**Work order:**
Please find the line that holds "FENDI Модель 9904" below and reproduce it, along with every line after it through the end, exactly and without pictures.

===== Data under study

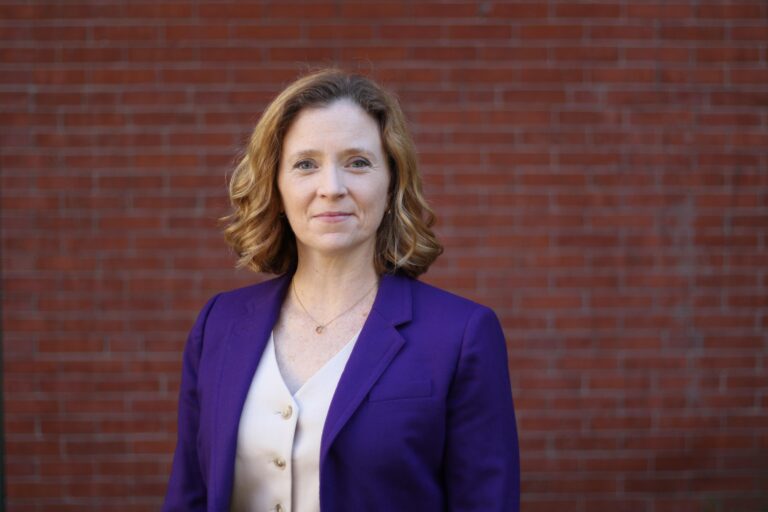 Liz McCuskey Headshot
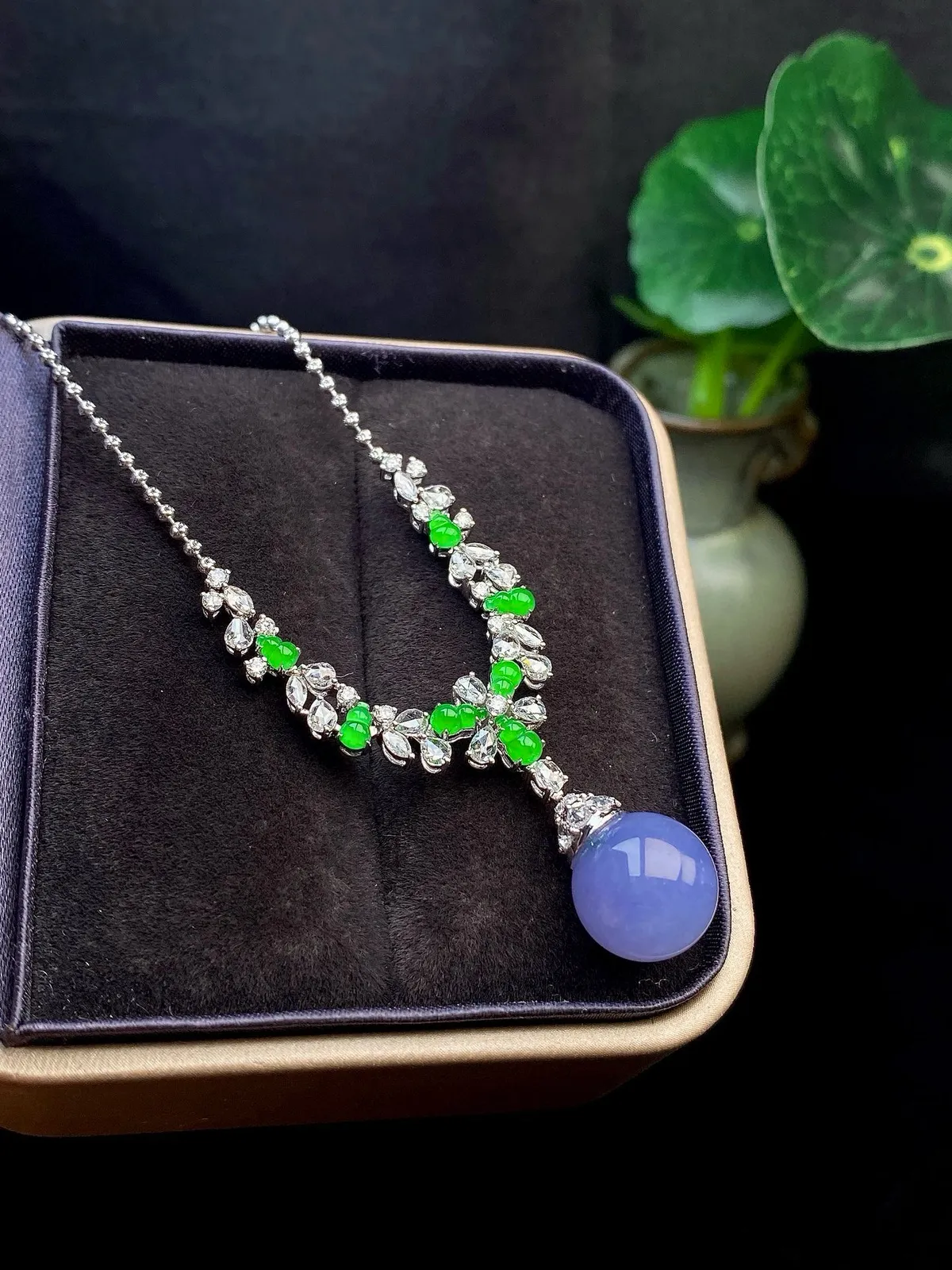 【冰种紫罗兰珠吊坠】质地细腻，光泽度不错，18k金钻镶嵌，10.6毫米。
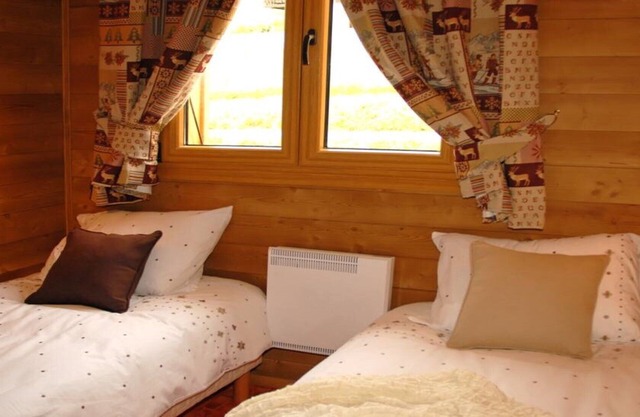 Chalet, Savoyard charm in unspoiled surroundings, heated swimming pool, ideal for families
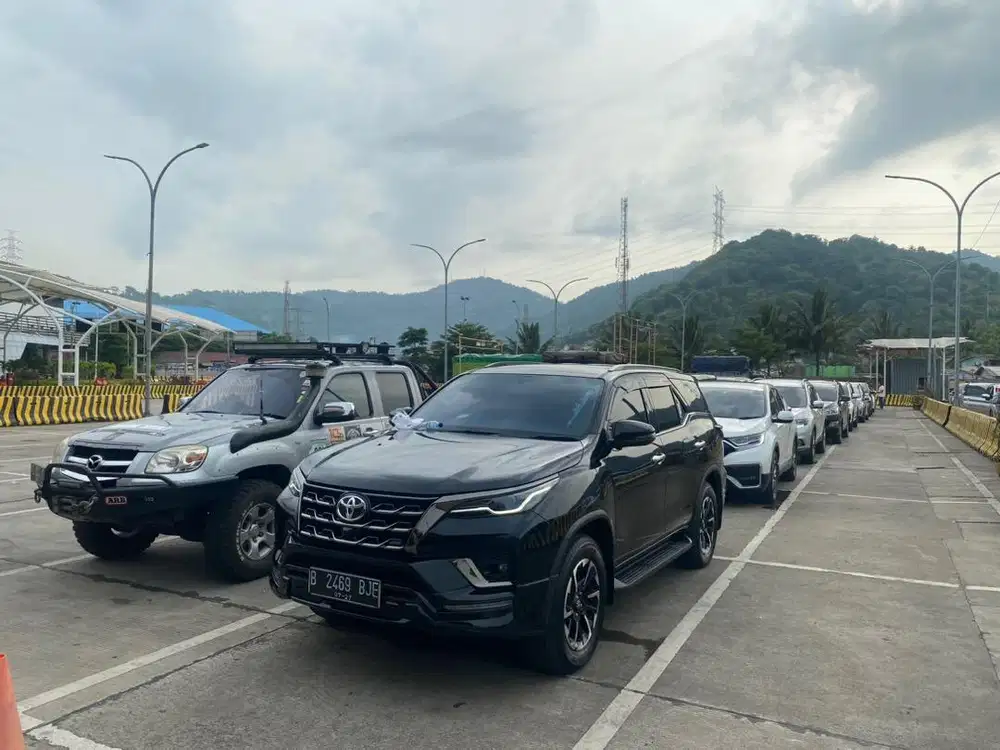 Jasa Sewa Mobil Pandemangan Rental G Lepas Kunci Innova Fortuner Hiace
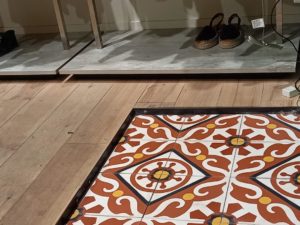 carreaux de ciment géométrique rouge posé dans un magasin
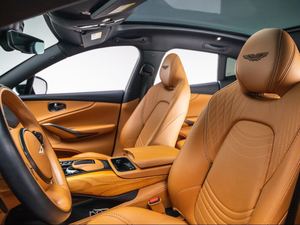 HIGHRUN 2022 DBX AWD SUV Noir JET, Moteur V8 4L 542 ch, 4 Portes, 1 Porte Avant, 41 pouces - Product Image 4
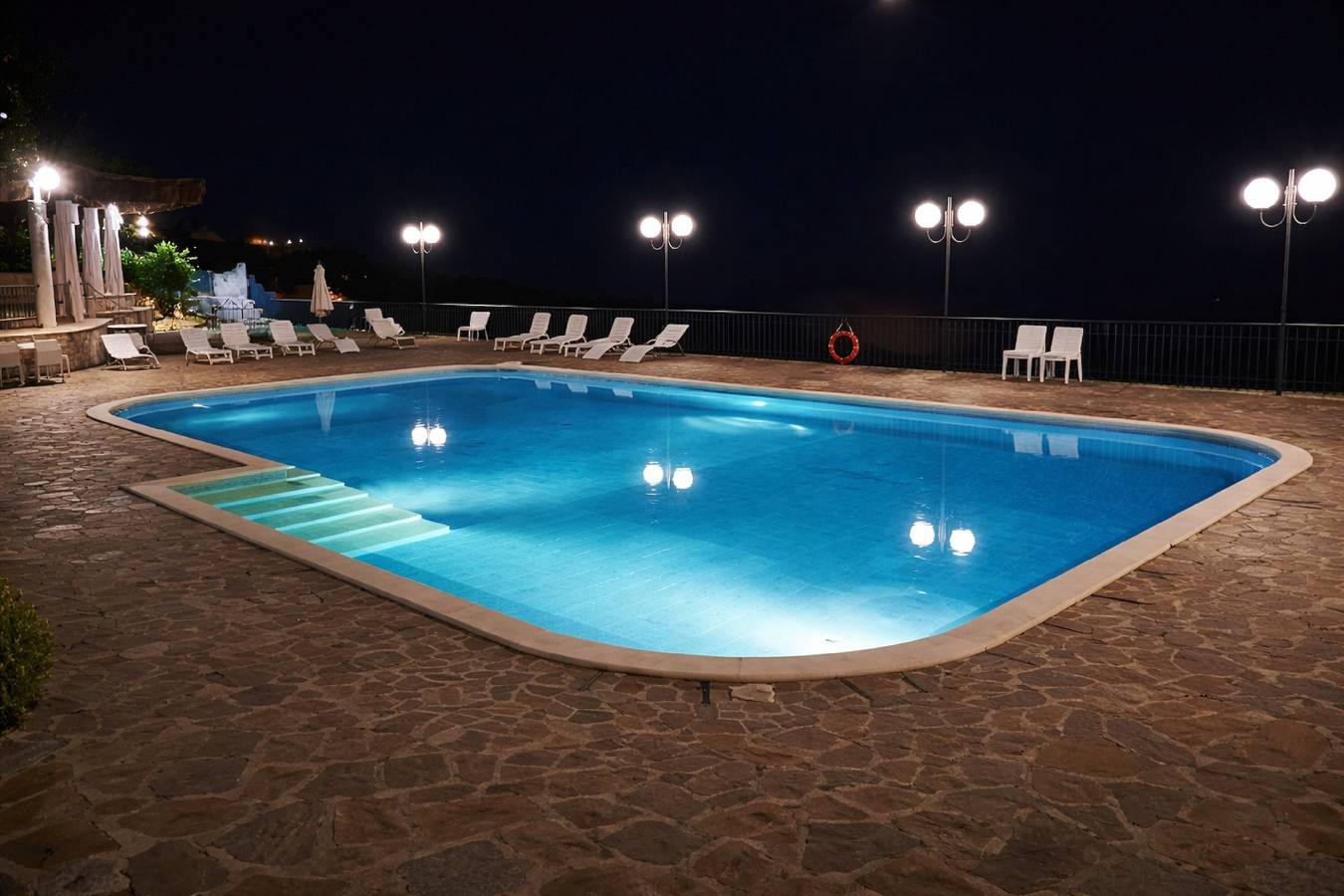 B&B con Finestra - 237 - Santangelo - Zwembad, foto 11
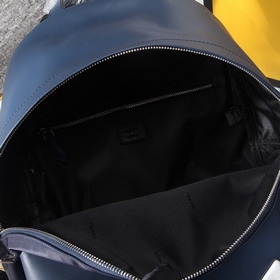 FENDI Модель 9904 Большой рюкзак с передними карманами Сзадиспол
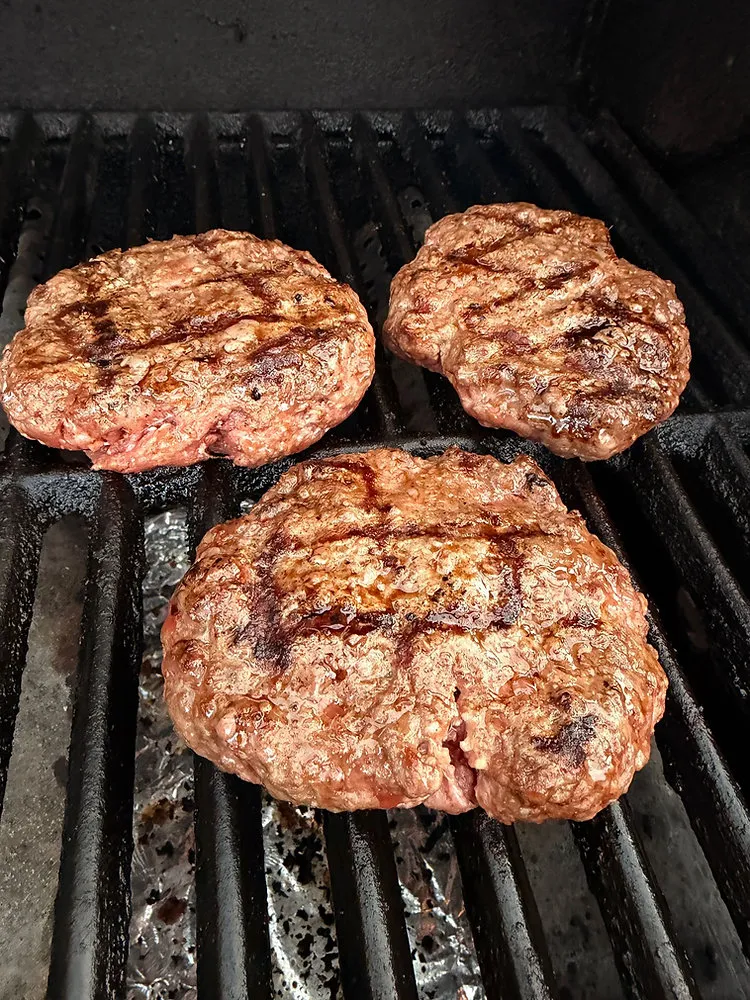 Das Geheimnis des perfekten Patties: Warum Ihr Burger-Wissen wahrscheinlich falsch ist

==========

**Reply to the task:**
 FENDI Модель 9904 Большой рюкзак с передними карманами Сзадиспол
 Das Geheimnis des perfekten Patties: Warum Ihr Burger-Wissen wahrscheinlich falsch ist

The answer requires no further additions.